TASK DIRECTIONS: Your task is to transcribe all of the data below exactly, omitting the images.

RECORDS FOR THIS TASK:
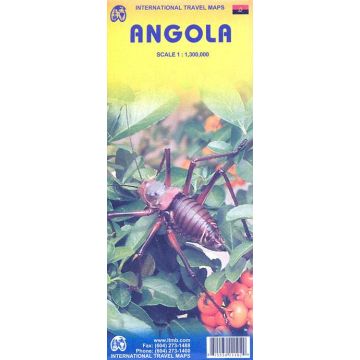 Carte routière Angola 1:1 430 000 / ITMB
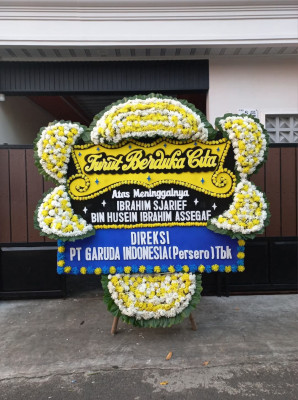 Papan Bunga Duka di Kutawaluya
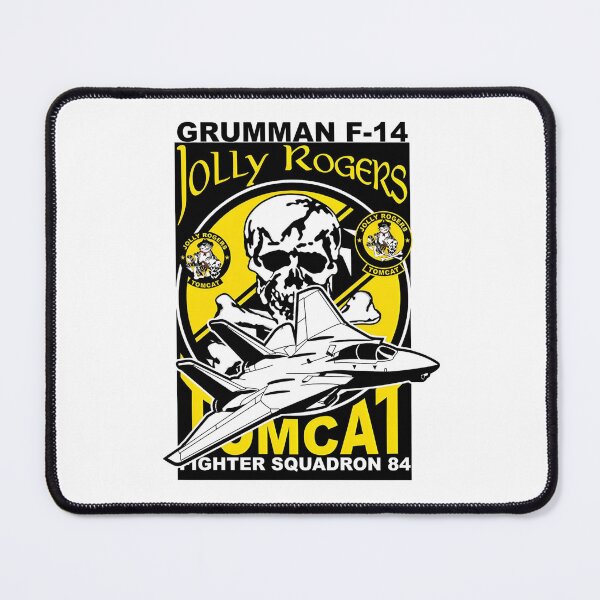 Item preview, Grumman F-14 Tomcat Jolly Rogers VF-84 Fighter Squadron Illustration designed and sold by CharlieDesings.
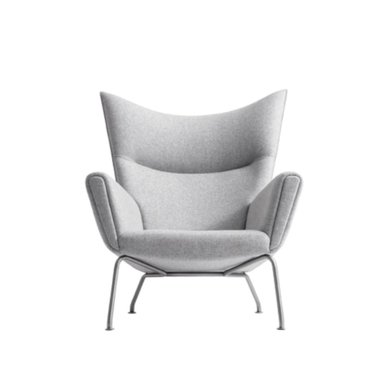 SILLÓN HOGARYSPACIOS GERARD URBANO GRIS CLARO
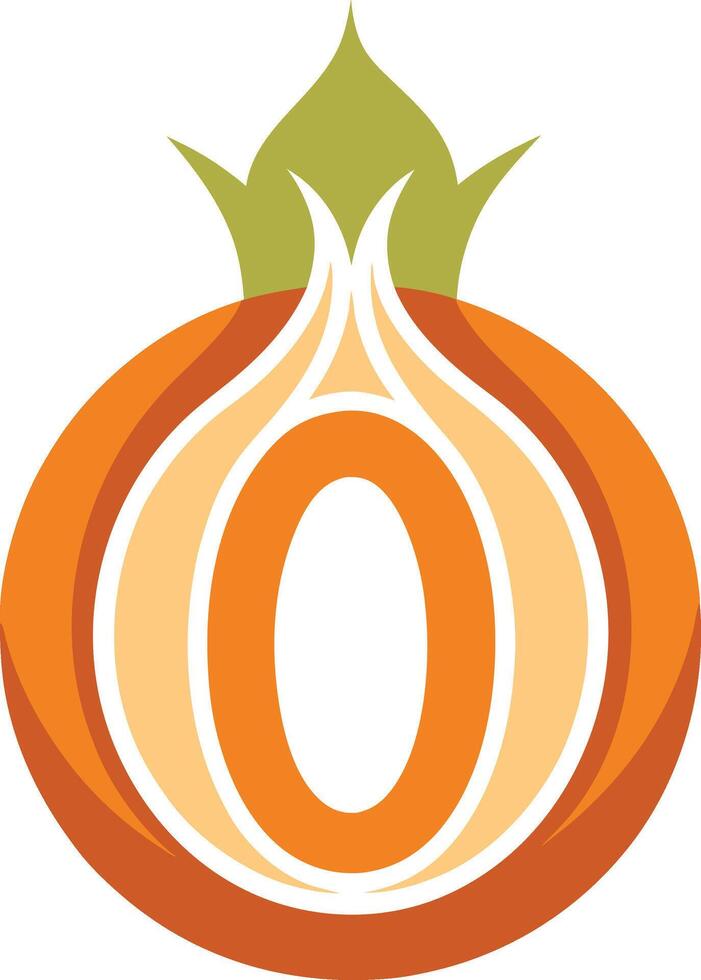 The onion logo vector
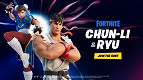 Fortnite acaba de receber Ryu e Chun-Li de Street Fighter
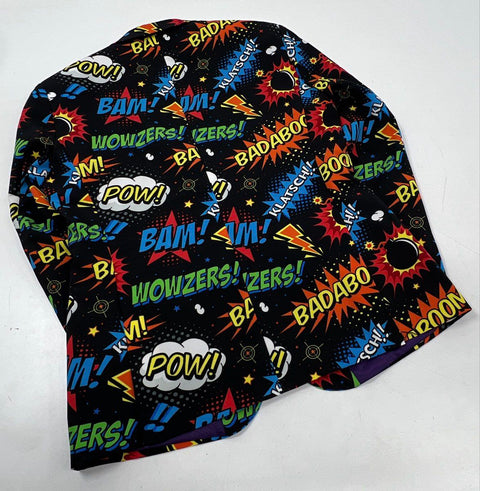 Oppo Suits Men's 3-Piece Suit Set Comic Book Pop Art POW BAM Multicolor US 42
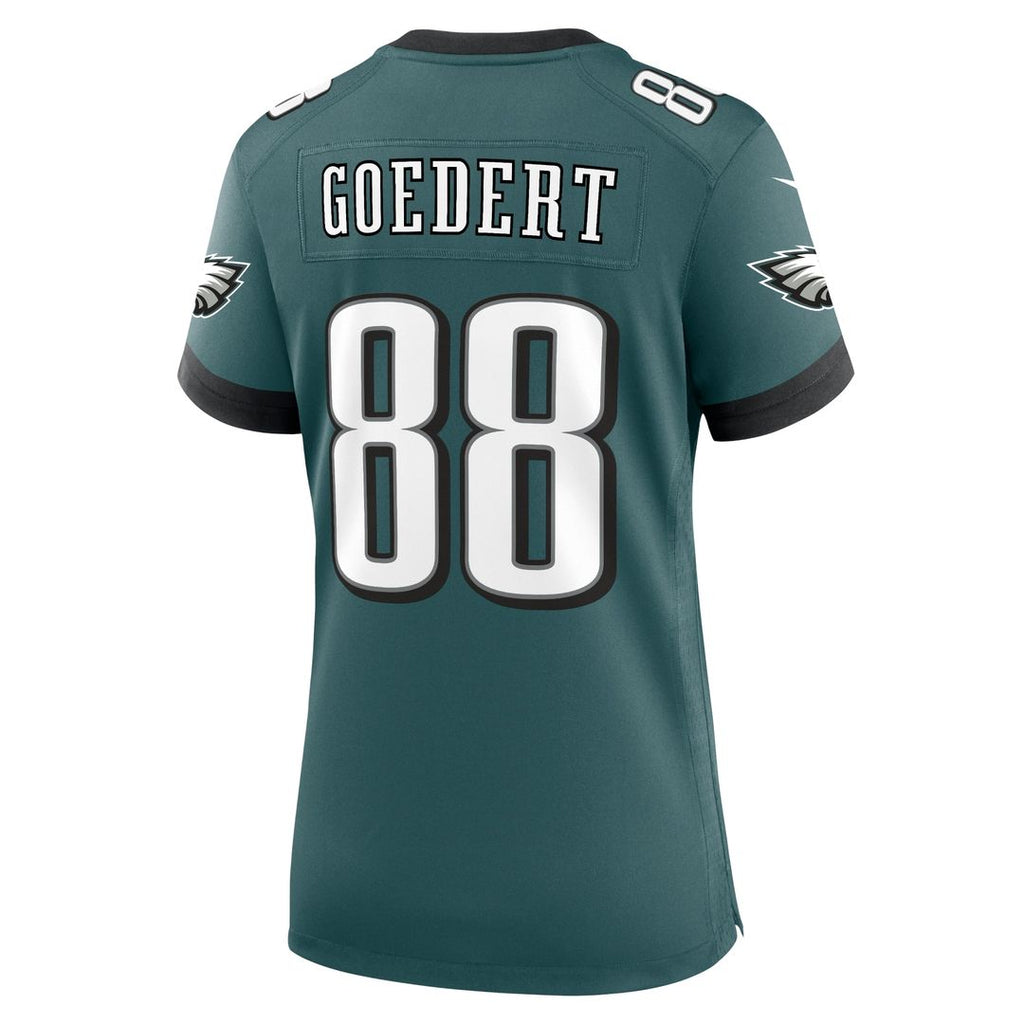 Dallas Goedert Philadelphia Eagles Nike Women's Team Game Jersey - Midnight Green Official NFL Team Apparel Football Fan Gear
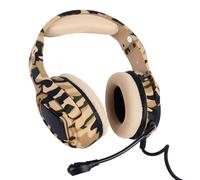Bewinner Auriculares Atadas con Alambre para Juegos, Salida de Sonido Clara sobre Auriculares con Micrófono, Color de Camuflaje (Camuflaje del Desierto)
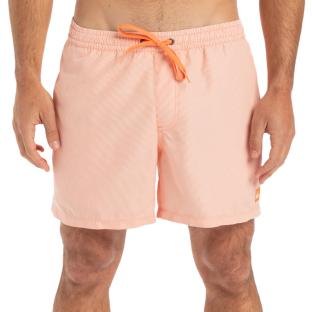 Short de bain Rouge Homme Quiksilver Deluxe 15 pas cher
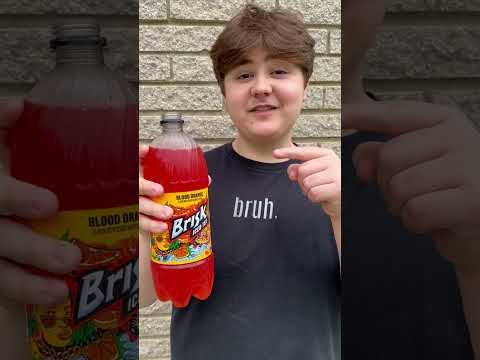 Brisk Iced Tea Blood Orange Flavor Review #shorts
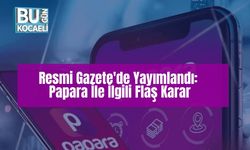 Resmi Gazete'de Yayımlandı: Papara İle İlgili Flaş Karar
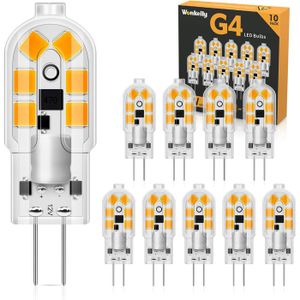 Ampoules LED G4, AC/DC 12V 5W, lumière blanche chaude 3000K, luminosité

TASK RESPONSE:
 Carte routière Angola 1:1 430 000 / ITMB
 Papan Bunga Duka di Kutawaluya
 Item preview, Grumman F-14 Tomcat Jolly Rogers VF-84 Fighter Squadron Illustration designed and sold by CharlieDesings.
 SILLÓN HOGARYSPACIOS GERARD URBANO GRIS CLARO
 The onion logo vector
 Fortnite acaba de receber Ryu e Chun-Li de Street Fighter
 Oppo Suits Men's 3-Piece Suit Set Comic Book Pop Art POW BAM Multicolor US 42
 Dallas Goedert Philadelphia Eagles Nike Women's Team Game Jersey - Midnight Green Official NFL Team Apparel Football Fan Gear
Bewinner Auriculares Atadas con Alambre para Juegos, Salida de Sonido Clara sobre Auriculares con Micrófono, Color de Camuflaje (Camuflaje del Desierto)
 Short de bain Rouge Homme Quiksilver Deluxe 15 pas cher
 Brisk Iced Tea Blood Orange Flavor Review #shorts
 Resmi Gazete'de Yayımlandı: Papara İle İlgili Flaş Karar
 Ampoules LED G4, AC/DC 12V 5W, lumière blanche chaude 3000K, luminosité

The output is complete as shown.